• [Stored data entries]:
"""
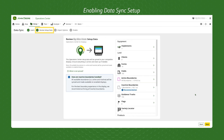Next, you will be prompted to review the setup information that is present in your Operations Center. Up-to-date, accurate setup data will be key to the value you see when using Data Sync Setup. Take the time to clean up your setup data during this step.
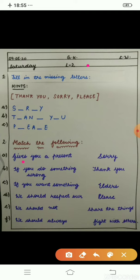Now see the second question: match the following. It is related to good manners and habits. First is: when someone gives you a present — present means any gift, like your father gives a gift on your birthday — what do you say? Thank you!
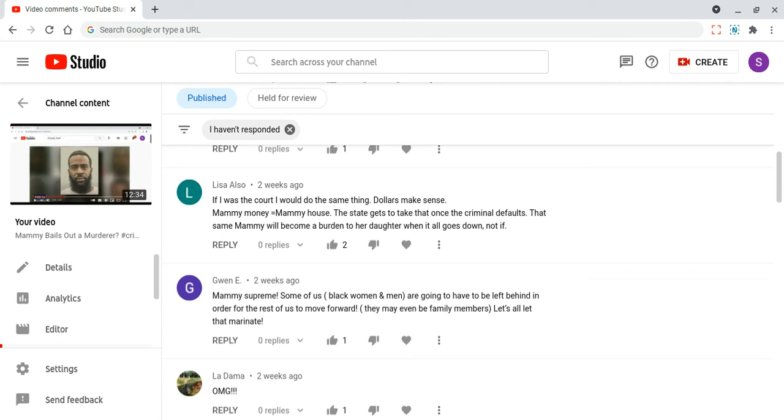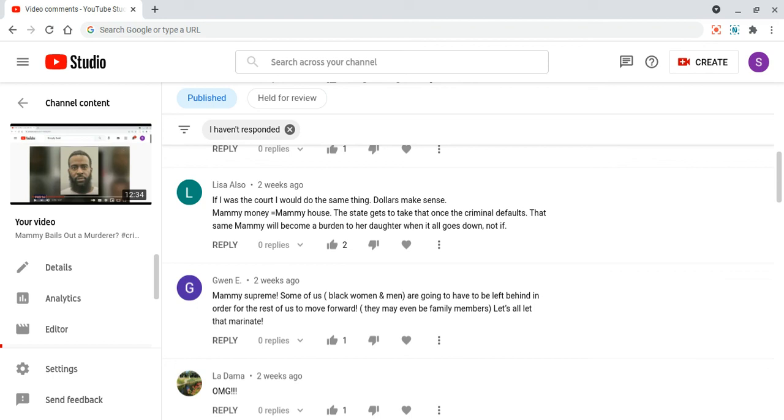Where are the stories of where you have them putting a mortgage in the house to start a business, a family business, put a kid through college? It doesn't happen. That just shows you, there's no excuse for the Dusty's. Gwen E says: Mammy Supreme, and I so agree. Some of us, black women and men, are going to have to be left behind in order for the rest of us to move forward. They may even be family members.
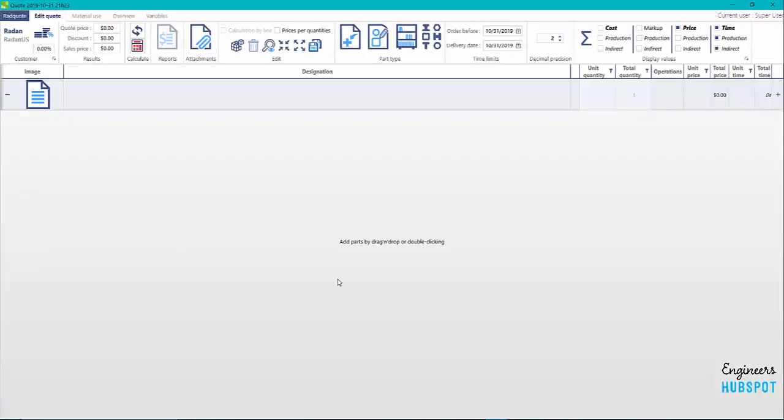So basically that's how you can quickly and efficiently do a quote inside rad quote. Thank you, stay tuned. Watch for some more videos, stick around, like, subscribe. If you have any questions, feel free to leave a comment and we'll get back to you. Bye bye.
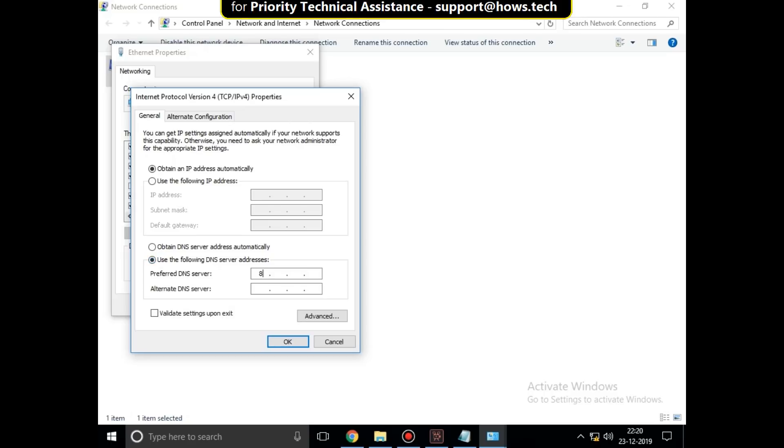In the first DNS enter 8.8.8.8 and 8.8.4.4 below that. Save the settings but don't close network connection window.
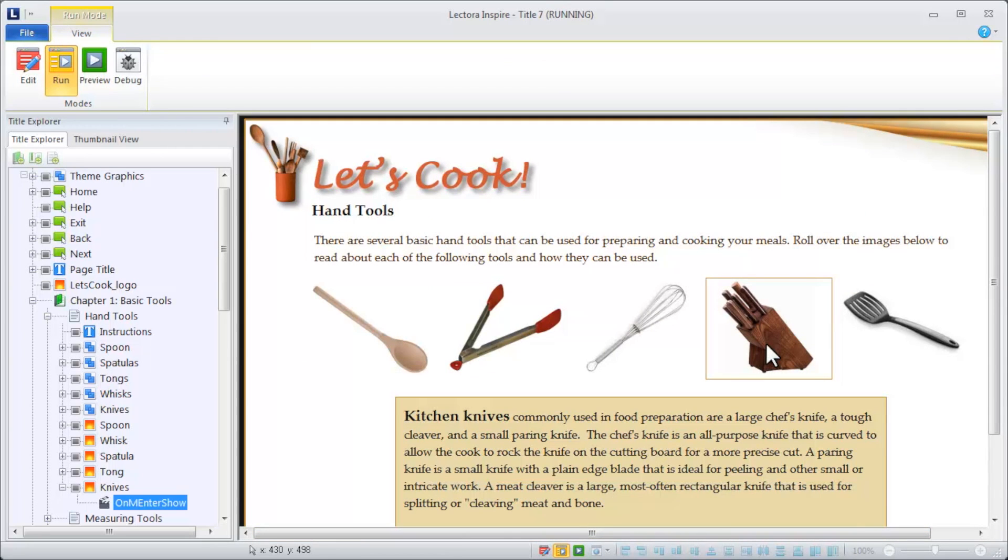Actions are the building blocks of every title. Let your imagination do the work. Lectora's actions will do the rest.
"""
• [TASK DETAILS]: Without the pictures, reproduce every line of the records above exactly.

• [RESPONSE BOX]:
Next, you will be prompted to review the setup information that is present in your Operations Center. Up-to-date, accurate setup data will be key to the value you see when using Data Sync Setup. Take the time to clean up your setup data during this step.
Now see the second question: match the following. It is related to good manners and habits. First is: when someone gives you a present — present means any gift, like your father gives a gift on your birthday — what do you say? Thank you!
Where are the stories of where you have them putting a mortgage in the house to start a business, a family business, put a kid through college? It doesn't happen. That just shows you, there's no excuse for the Dusty's. Gwen E says: Mammy Supreme, and I so agree. Some of us, black women and men, are going to have to be left behind in order for the rest of us to move forward. They may even be family members.
So basically that's how you can quickly and efficiently do a quote inside rad quote. Thank you, stay tuned. Watch for some more videos, stick around, like, subscribe. If you have any questions, feel free to leave a comment and we'll get back to you. Bye bye.
In the first DNS enter 8.8.8.8 and 8.8.4.4 below that. Save the settings but don't close network connection window.
Actions are the building blocks of every title. Let your imagination do the work. Lectora's actions will do the rest.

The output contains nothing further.